While not all cancers can be prevented, healthy lifestyle habits and a better understanding of your personal risk can help you reduce your chances of developing cancer.
“Although you can’t control aging or a family history of cancer, you can make some lifestyle adjustments that help minimize your cancer risk factors,” says Eric D. Whitman, MD, medical director, Atlantic Health System Cancer Care. “Obesity, tobacco use, alcohol consumption, viral infections (such as HPV or human papillomavirus), and exposure to ultraviolet rays and dangerous chemicals all contribute.”
Here are Dr.

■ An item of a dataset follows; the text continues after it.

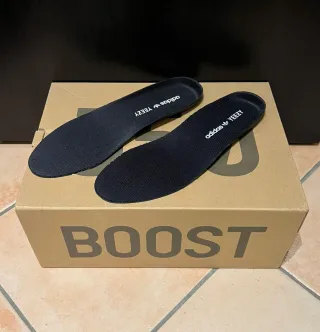 Adidas Yeezy Boost 350 V2 Nero Uomo (42 2/3)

Whitman’s top five considerations to help reduce your risk.
1.Maintain a Healthy Weight
Evidence shows that preventing excess body weight reduces the risk of at least 13 different types of cancer including colorectal, breast (post-menopause), uterine, esophageal, kidney, liver, and pancreatic, to name a few.
A healthy weight and physical strength can also help improve a person’s response to cancer treatment and outcomes -- if they’ve been diagnosed with cancer. Healthy bodies are also less likely to develop heart disease, type 2 diabetes and high blood pressure. So, if your habits include too much sitting and screen time, be sure to build in time to move as much as you rest.
2.Protect Your Skin from UV Rays
Cumulative exposure to ultraviolet (UV) radiation from the sun, sunlamps and tanning beds all age the skin and can lead to skin cancers like basal cell, squamous cell carcinoma, melanoma, and others.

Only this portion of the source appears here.